SYLVIE DE MEERLEER

 

° Belgium 1986

lives and works in Bruges — Belgium

 

Sylvie De Meerleer participated at Coup de Ville 2016. This text was published in the catalogue.

 

Drawing gives a direct reflection of the artist’s intimate and mental process. Hesitation, serendipity and error leave traces. Nothing remains hidden. The purity of the medium provides a tenuous result. What happens under the skin is just what Sylvie De Meerleer captures in her drawings.

 

She questions the graphic line, the texture, the carrier and the method of presentation as building blocks of the medium. She extends the research with sculptural interventions such as transparent variants of drawings, pleated and sewn together. Or she cuts drawings and places them with each other in order to complete an image. Sometimes De Meerleer works with found image material. This is illustrated via her choice of ‘stills’ from pornographic films. Her focus is on imagery with volumes and graceful postures. She looks for the psychology of these characters and wonders whether there are in these confrontational images moments of tenderness and intimacy. Other images take shape by utilizing the possibilities of the drawing materials. Then she comes to an abstract representation of lines and points, focusing on the energy released during the working process.

 

In the Coup de Ville exhibition Sylvie De Meerleer combines drawings in amalgamation with a new work in which she further continues her investigation of tenderness, intimacy and tactility. She returns to a childhood memory in which for the first time she became aware of her physicality.
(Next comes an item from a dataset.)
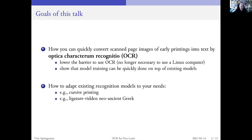And also for those of you who are already somewhat into this business, how you can adapt the current models for some not so well-trained material like cursive printing. Following the lead of Aldus Manutius, some printers became very fond of italics printing, which is hard to recognize. And also to look whether we could possibly also render the neo-ancient Greek — the ancient Greek composed by our humanist fellows with the many ligatures — whether we could also convert that into text.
Before she fell asleep as a child, her mother regularly drew figures on her bare back. The challenge was to find a balance between mental alertness and enjoying fading away. When she was able to guess what was drawn: a square, heart, sun, rain, hail, ... she was rewarded with an additional drawing. These soft engravings showed no physical or tangible trace, the drawings always remained invisible. It’s about a perception, sensing a culture that is not tangible. Unveiling such experiences seems almost impossible, which is why the artist opts for a video composition and a weekly performance in which she draws on the back of interested people in a private room.

 

Striving to reveal the importance of tactility and intimacy she revisits a youthful evocation and disseminates this among others.